Martin Luther King, Jr. believed in a nation of freedom and justice for all, and encouraged all citizens to live up to the purpose and potential of America by applying the principles of nonviolence. MLK Day of Service is a way to transform his life and teachings into community action that continues to solve social problems. Service unites Americans of all ages and backgrounds, and strengthens communities.

How can I serve on MLK Day?

In the words of Martin Luther King, Jr., "Everybody can be great because everybody can serve." Use our search tool to find an opportunity in your community!

Learn More about MLK

Rev. Dr. Martin Luther King, Jr. was a vital figure of the modern era and a pivotal figure in the Civil Rights Movement. His lectures and dialogues stirred the concern and sparked the conscience of a generation.

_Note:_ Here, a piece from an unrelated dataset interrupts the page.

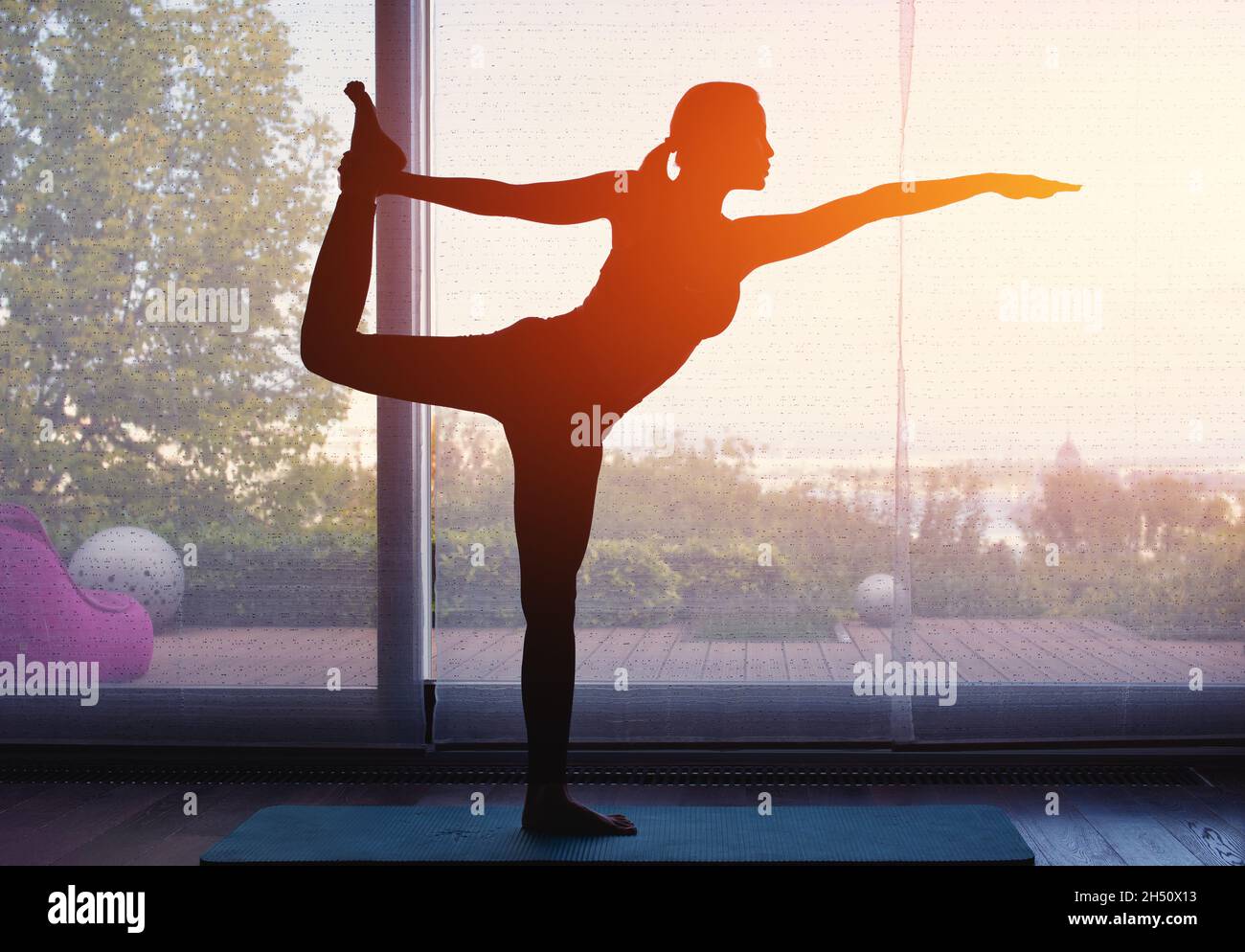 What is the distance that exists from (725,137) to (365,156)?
0.93 meters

His charismatic leadership inspired men and women, young and old, in this nation and around the world. Following in the footsteps of his father, in February 1948, at the age of 19, Rev. Dr. Martin Luther King, Jr. entered the Christian ministry and was ordained at Ebenezer Baptist Church in Atlanta.

In 1954, upon completion of graduate studies at Boston University, he accepted a call to serve at the Dexter Avenue Baptist Church in Montgomery, Alabama. While there, he was an instrumental leader in the Montgomery Bus Boycott, made famous by the nonviolent resistance and arrest of Rosa Parks. He resigned this position in 1959 and moved back to Atlanta to direct the activities of the Southern Christian Leadership Conference. From 1960 until his death in 1968, he served as co-pastor with his father at Ebenezer Baptist Church.

During his lifetime, he was arrested 30 times for participation in civil rights activities. He preached about justice, empowerment, love and peace, and in the final months of his life, turned his attention to fighting poverty. Sadly, more Americans live in poverty today than during his lifetime. Forty-seven million Americans currently fall below the poverty line.

Martin Luther King, Jr. was shot while standing on the balcony of the Lorraine Motel in Memphis, Tennessee and died on April 4, 1968. He was to Memphis to lead a group of sanitation workers in a protest against low wages and intolerable working conditions.